Geometry Proof - At it for Hours to No Avail

[meiso]

Homework Statement

Given:

Right triangle ABC with right angle A

segment AD is an altitude of the triangle
segment AE is an angle bisector of angle BAC
segment AF is the median of side BC

note: side BC has points D,E, and F on it in that order

EDIT: I've added a picture of the figure:
http://westchesterccb.com/proofpic.JPG

Prove:

angle DAE is congruent to angle EAF

Homework Equations

N/A

The Attempt at a Solution

Got three similar triangles in ABD ~ DAC ~ DBA

Sorry for the lack of formatting. To anyone who would attempt this proof and possibly solve it, I'd greatly appreciate it.

 

[tiny-tim]

Welcome to PF!

Hi meiso! Welcome to PF!

Hint: that's the same as proving that angle BAD = angle FAC

 

[meiso]

Yes, thank you for that hint. I had realized that and I still have not been able to solve it.
I also have the equations (either from givens or similar triangles and substitution):

angle ABC = angle DAE + angle EAF + angle FAC
angle BAD + angle DAE = angle EAF + angle FAC = 45 degrees
angle BAD = angle BCA

If I could somehow prove angle ABC = angle BAD + angle DAE + angle EAF,
then AF = BF, then BF = FC, and by the base angles theorem,
angle FAC = angle FCA, then by the transitive property, angle BAD = angle FAC, and the rest is easy from there. However, I can't seem to establish that link above.

 

[tiny-tim]

Yes, thank you for that hint. I had realized that and I still have not been able to solve it.

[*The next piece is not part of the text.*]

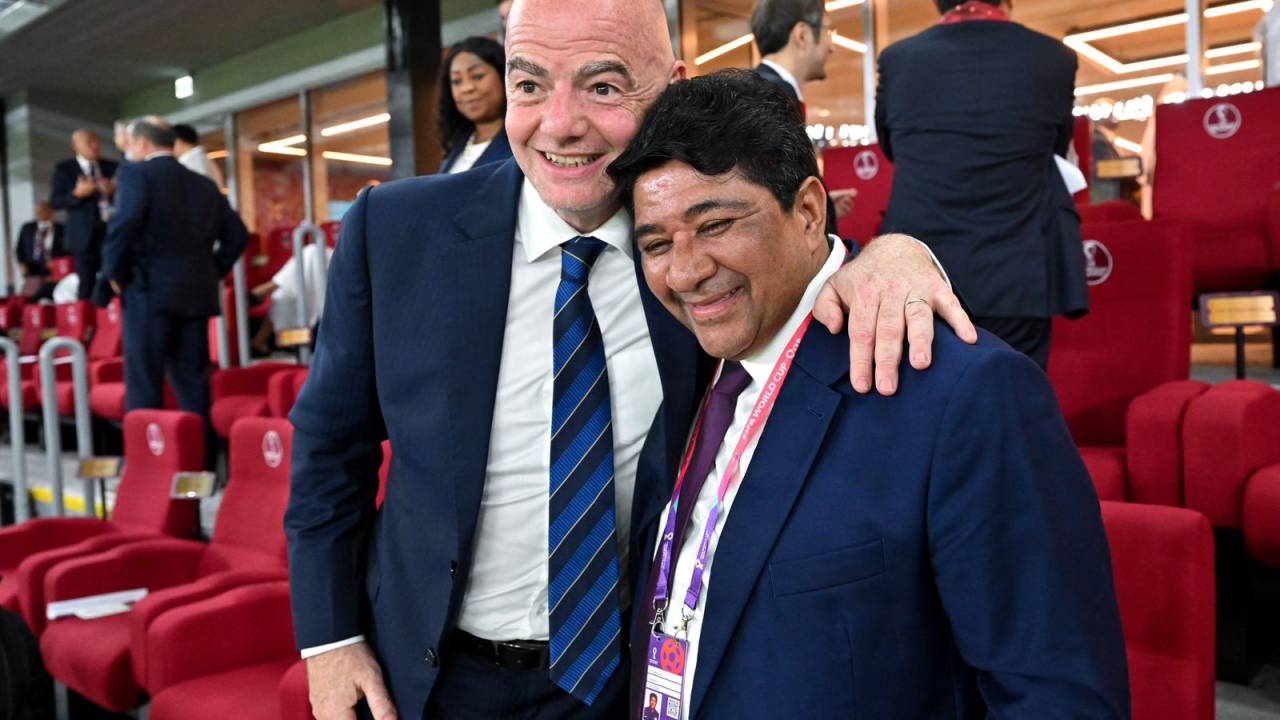 Presidente da Fifa, Gianni Infantino, posa ao lado do presidente da CBF, Ednaldo Rodrigues.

ah … well, that's why it's so important for you to start by telliing us what you have tried

ok, new hint:

you have a right-angled triangle, so draw it in a circle ​

 

[meiso]

Wow. Very elegant tiny-tim. Thank you. BC becomes the diameter of the circle, so BF, FC, and AF are all radii, so their measures are all equal, which is what I needed.

I was helping a high school student whom I tutor with this proof, and I never would have thought of using your method because he has not done anything like that in class. Thank you again, but if there is another method without using a circumscribed circle, I would love to know!

 

[tiny-tim]

… if there is another method without using a circumscribed circle, I would love to know!

ok … alternative hint:

draw FG parallel to AC ​

 

[meiso]

Ok. So FG is drawn with G on segment BA, and intersects two sides of the triangle, so, being parallel to the base, it divides the other two sides proportionally.
Since BF=FC, BF/FC = 1, so BG/GA must equal 1 and and therefore BG=GA.

Following from that, I can use the SAS(BG=GA, two right angles, Reflexive GF) theorem to prove triangle BGF is congruent to triangle AGF. Triangle BGF is similar to triangle BAC (AA Theorem), so angle BFG = angle BCA. Angle AFG = angle FAC because they are alt. int. angles, but angle AFG also equals angle BCA (because angle BCA = angle BFG). By the transitive property (angle BCA = angle BAD already established), then, angle BAD = angle FAC!

This all led from your hint. Please tell me if any of my logic was incorrect (I know it's a lot to sift through) or if there is a shorter way to reach the conclusion.

And thanks again!

 

[tiny-tim]

… Following from that, I can use the SAS(BG=GA, two right angles, Reflexive GF) theorem to prove triangle BGF is congruent to triangle AGF. …

Yes that's ok, but from there on, because I know the circle method, I'd concentrate on sides rather than angles:

FG perp BA, so (SAS) BF = AF, so CF = AF, so angle CAF = ACF